Wondering what's happened to the news? Why TV screens and radio airwaves are full of celebrities and their fashionable lives but you don't hear a sensible discussion about the impact on our children's education of the mandated testing policy in the No Child Left Behind Act? Why more of us turn to international sources such as the BBC to find out what's going on inside the government of the United States? Why fewer and fewer corporations own more and more media outlets (radio, TV, newspapers, magazines, books, music, concerts, and maybe even the Internet)? Why your local radio station disappeared into a sea of automated programming or your hometown newspaper disappeared altogether?

Well, you're not alone. More of us are talking about it — and now, some people are doing something about it! In an unprecedented show of national concern, some 2.5 million Americans expressed their disapproval to the Federal Communications Commission (FCC) following their June 2, 2003 decision to expand the ownership rules and allow the handful of existing media conglomerates to own even more properties. Politicians as diverse as Trent Lott of Mississippi, Jesse Helms of North Carolina, Russ Feingold of Wisconsin, and Byron Dorgan of North Dakota are speaking out against the monopoly of information.

Clear Channel, now the owner of more than 1400 radio stations nationwide, is only one example of how media concentration shuts out local information. You've heard the story of the chlorine gas spill in Minot, North Dakota? Well, Clear Channel owns the majority of radio stations in town — but they're automated, meaning that the music and "talk" comes from some pre-packaged source. The only real person in the area is a technician who monitors the machinery, and that person is not always in the building. Which is why the citizens of Minot couldn't get any information about the chlorine gas leak in time to protect themselves. Is this what we want for our communities?

Oh, by the way...
The evening of November 8, 2003, also offered a spectacular lunar eclipse, clearly visible to most in the Northern Hemisphere of the US. If you didn't stand outside and gaze appreciatively during its approximately 7:06 -7:36pm totality (as I did while waiting in line for a Conference event), check out MrEclipse and the NASA Eclipse Home Page, both products of long-time eclipse guru Fred Espanek. He offers tips for how to photograph eclipses and information on the ones that will appear in 2004. Space.com also has some fantastic images.
 

Free Press is a national organization intent on increasing our participation in democracy and the public policy debates about media. They sponsored the National Conference on Media Reform in Madison, Wisconsin (November 7-9, 2003), where veteran journalist Bill Moyers, a roster of national dignitaries, and two FCC Commissioners gave important speeches. Free Press also joins the Action Coalition for Media Education, Democracy Now!, and others, in helping us all learn how to watch a TV program or film, how to read the underlying messages in advertising, how to find child-friendly, family-friendly, and just plain people-friendly media fare, and how to ensure a wide range of thought and opinion in newspapers, radio and television broadcasting, and access to information technology.
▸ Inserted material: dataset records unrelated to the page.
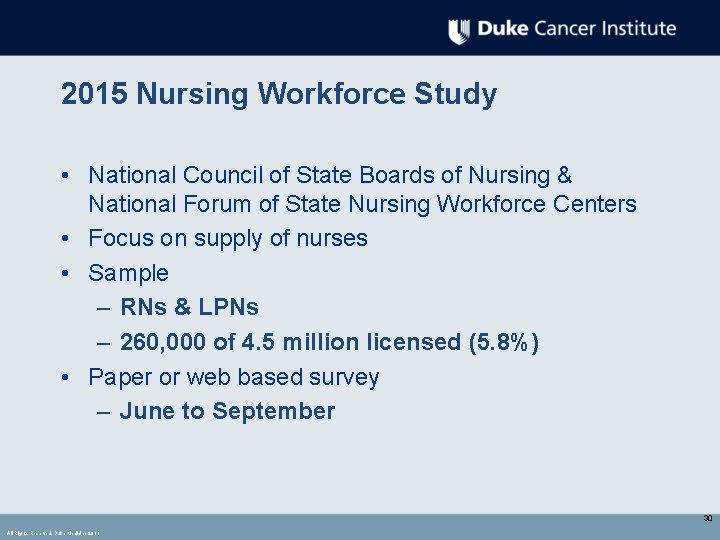 2015 Nursing Workforce Study • National Council of State Boards of Nursing & National 2015 Nursing Workforce Study • National Council of State Boards of Nursing & National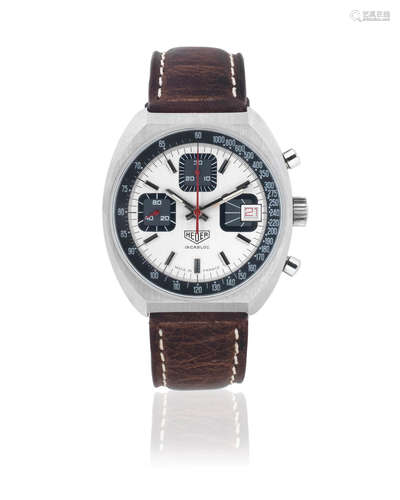 Circa 1970  Heuer. A stainless steel manual wind calendar chronograph wristwatch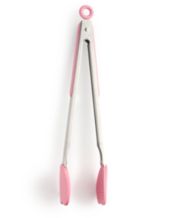GCP Products Mini Tongs With Silicone Tips 7-Inch Small Serving Tongs, Set  Of 3 (Pink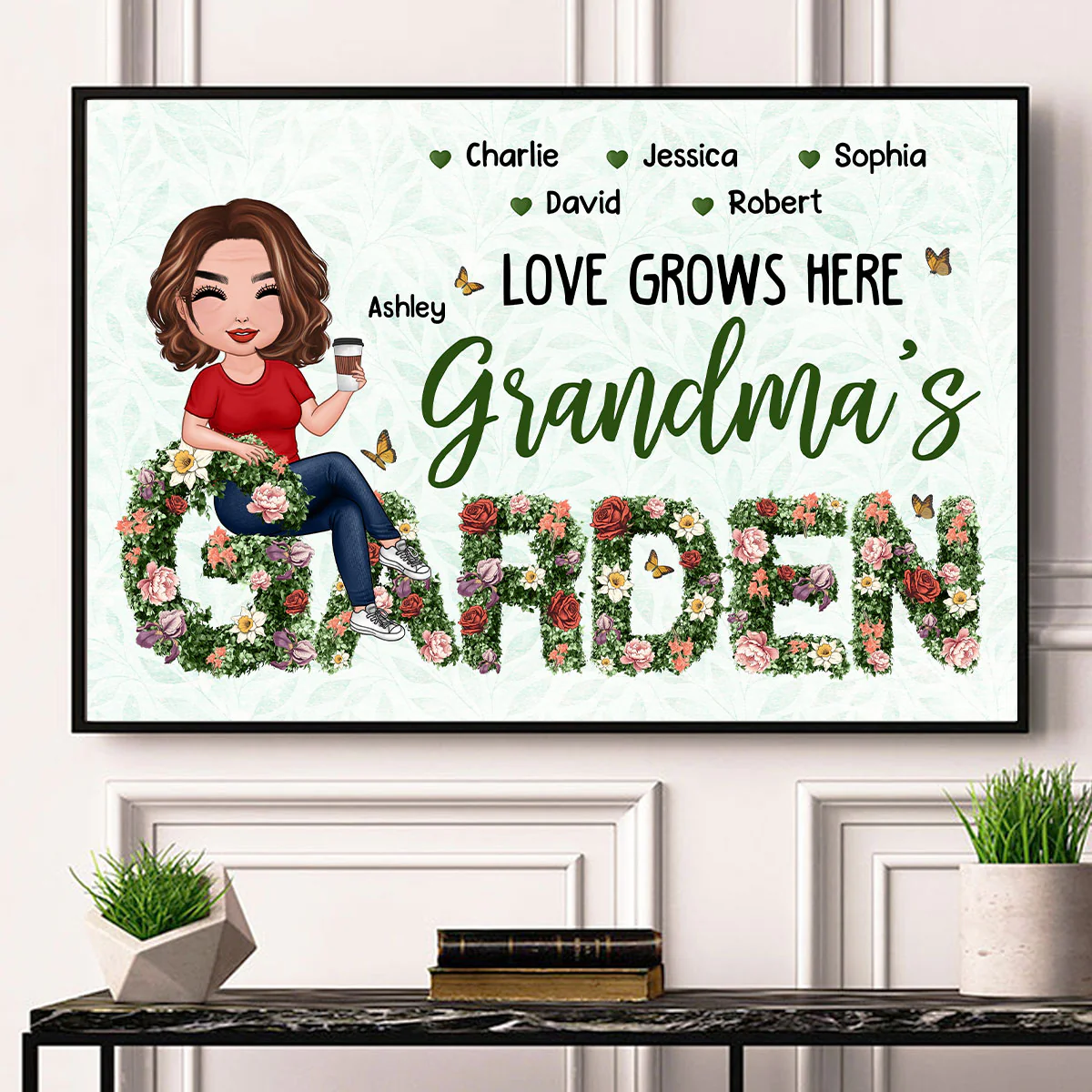 Grandma Sitting On Birth Month Flower Text Personalized Poster - Image 5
The conversation about diversity of media ownership is crucial to the health of our democracy. When fewer outlets are available, fewer opinions — regardless of their message — are expressed, and that's not good. A recent study of young people, eligible to vote for the first time, found that many did not vote because they said they didn't have enough information to make an informed decision. In a democracy, it's not important that everyone holds the same opinion; it's important that each of us has the information to hold an informed opinion and to respect the opinions of others (even when we don't agree with them) as we participate in the community dialogue. We can't do that if we don't have access to information in the first place. Everything we do is now shaped by some form of media. Keeping ourselves involved and informed is a critical responsibility of citizens in a democracy, and all of us need to be sure we can — and do — get in the game.